Worship in the Orthodox Church is expressed in the Eucharist, the Mysteries, Special Services and Blessings and the Daily Office. The Eucharist is the most important worship experience of Orthodoxy. Eucharist means thanksgiving and is known in the Orthodox Church as the Divine Liturgy.
We have an active youth ministry with youth clubs and Sunday schools and youth camps. We have four adult education programmes from entry level to advanced. Our Philoptochos team leads the church philanthropic ministry. With two renouned iconographers our church has a rich liturgical arts ministry. We also have a growing liturgical chant ministry.
We have a regular schedule of services. The Orthodox Church uses a rhythm of divine services to bless and sanctify every hour of the day: Vespers, Matins, The hours. Learn more about them here.

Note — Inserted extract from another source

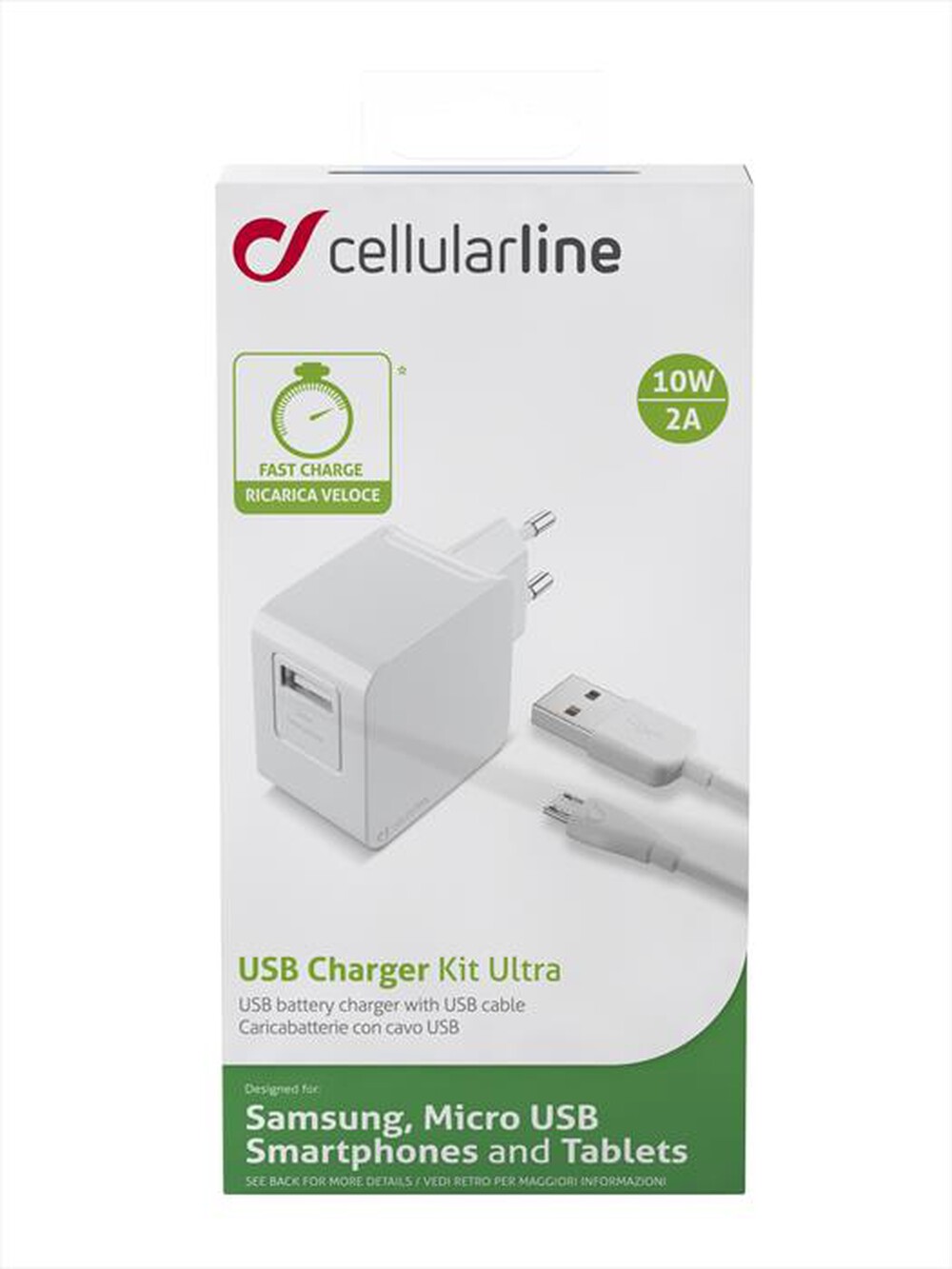"CELLULARLINE - USB Charger Kit Ultra USB-Bianco"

We gather for fellowship after every Sunday and Major Feast throughout the year. We also have various festivals and celebrations when we invite our neighbours and neighbouring communities.
Protopresbyter Stephen Maxfield is our priest in charge. A large team of volunteers support the church’s many ministries: youth work, teaching, philanthropy, fundraising and church projects.

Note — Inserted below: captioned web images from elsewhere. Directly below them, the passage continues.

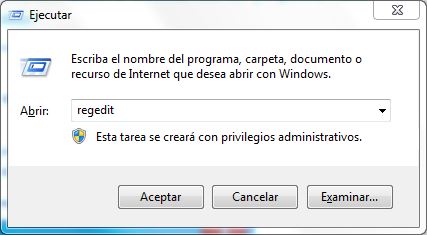 Regedit para abrir el registro de Windows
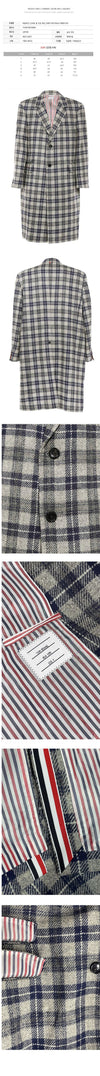 THOM BROWNE タータンチェックオーバーフィットウールコート 151784345 [P]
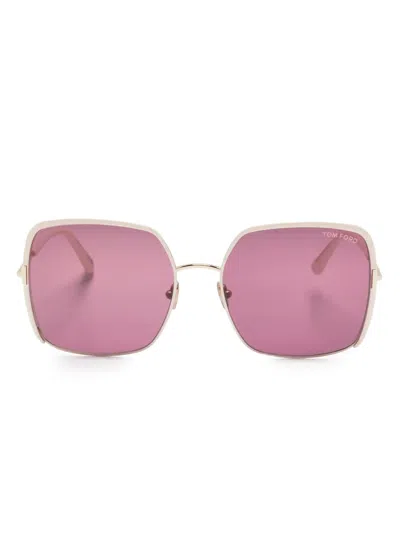 Tom Ford Square-frame Tinted Sunglasses In Pink
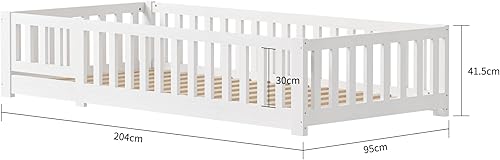 LONELYO Lit Enfant 90x190 cm - Lit au Sol Enfant en Bois Naturel avec Barrière et Sommier - Charge jusqu'à 230 kg - Lits Montessori pour Garçons et Filles - Nail Gallerys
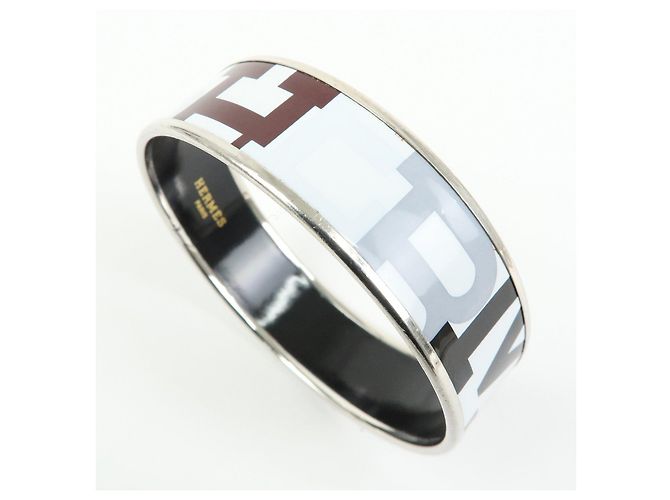 Hermès HERMES Email GM Plated Bangle Bracelet White Black Red - vista 8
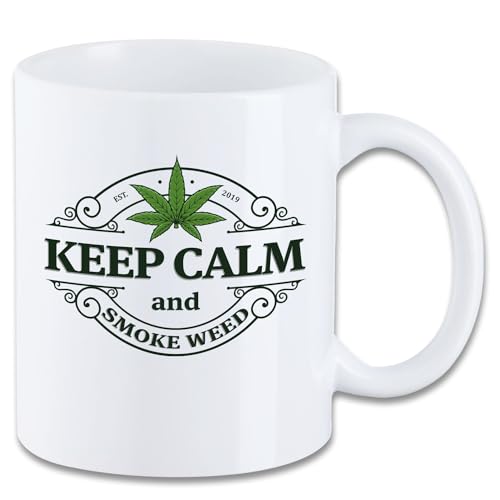 Tasse mit Spruch ″Keep calm and smoke weed″ T07 Motiv Geschenk Cannabis Gras Marihuana Ganja Geburtstag Spruchtasse Motivtasse Mug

Archbishop Nikitas (Lulias) of Thyateira and Great Britain is the Greek Orthodox Archbishop of Great Britain under the Ecumenical Patriarchate of Constantinople, elected by the Sacred and Holy Synod of the Ecumenical Patriarchate on 12 June 2019.

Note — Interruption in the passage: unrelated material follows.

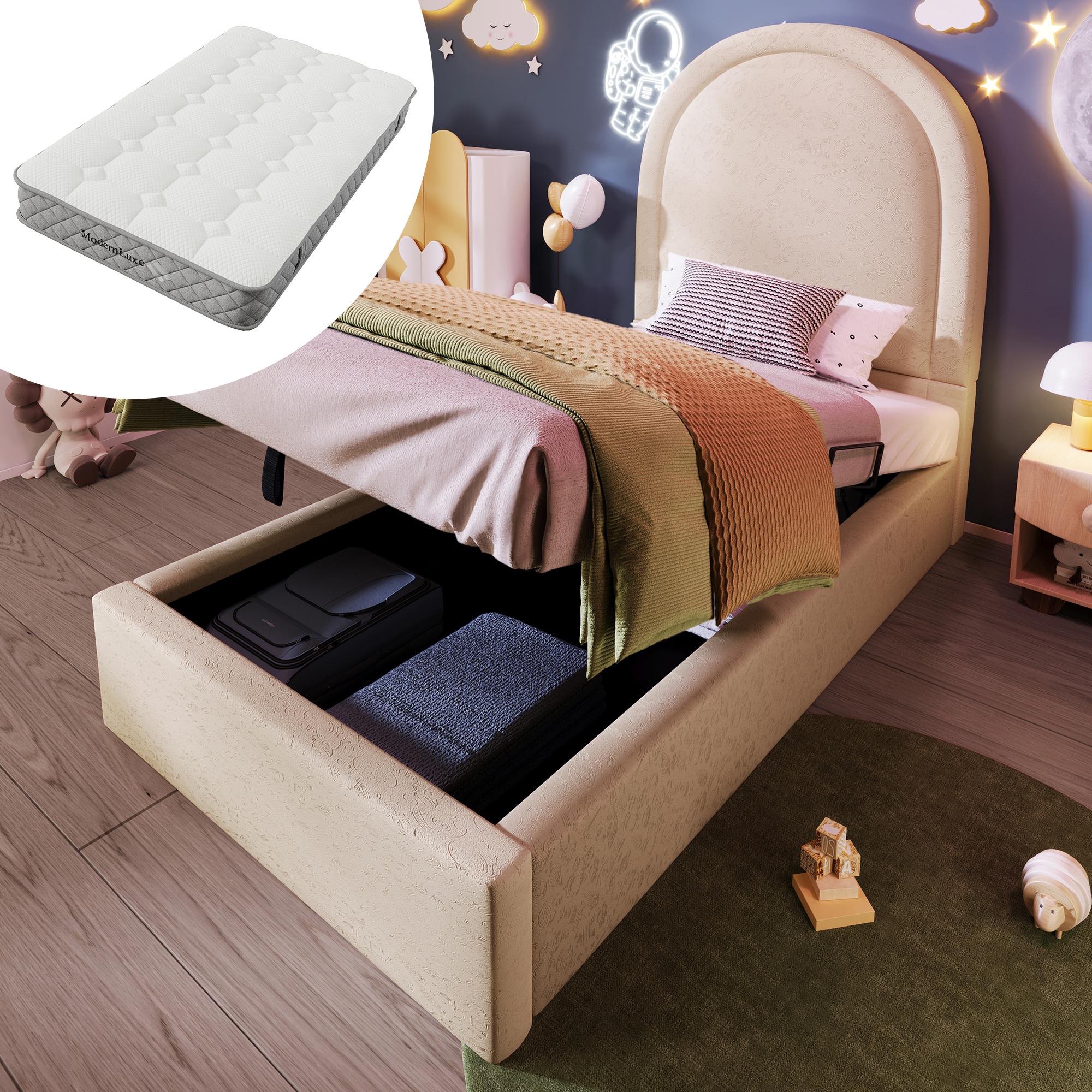 MODFU Einzelbett mit Matratze 90x200 Kinderbett am Kopfende mit Metallstoppern,Polsterbett aus Polyurethanmit Staubschutzhülle am Lattenrost,Beige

Bishop Maximos (Pafilis) of Melitene is assistant bishop to his Eminence Archbishop Nikitas. He assists Archbishop Nikitas with episcopal duties in the Midlands.
The patrons of our community are the 318 Holy God-bearing Fathers of Nicaea, the First Ecumenical Council along with the Holy Forerunner and Baptist John and the Holy Princess and Abbess Milburga of Wenlock. We celebrate the feast of the community on the feast of the Holy Fathers; the sixth Sunday after the Feast of Holy Pascha.
Here in Shropshire – an early melting pot of Christian British (Welsh) and English cultures – we have a multitude of missionaries, martyrs and monastics who served Christ in their time and continue to pray for and inspire us today. Their holy wells are spread across the hills and valleys and their faith proclaimed in our Orthodox churches.
Our church is extremely old and is on a site that has been a place of worship for 4000 years. Three of the walls are medieval Early English style from about 1200 A.D. but they are on much older foundations. The West wall is modern dating from the early 1700s. Inside there are medieval wall paintings from about 1380 and a Tudor truss from the 1540s. The church has been adapted for Orthodox Byzantine worship with an oak icon screen, a stone holy table and a gallery. There are many excellent modern icons and wall paintings.
The Holy Mysteries affirm God’s presence and action in the important events of our Christian lives: Baptism, Chrismation, Marriage, etc. Special Services and Blessings also affirm God’s presence and action in all the events, needs and tasks of our life.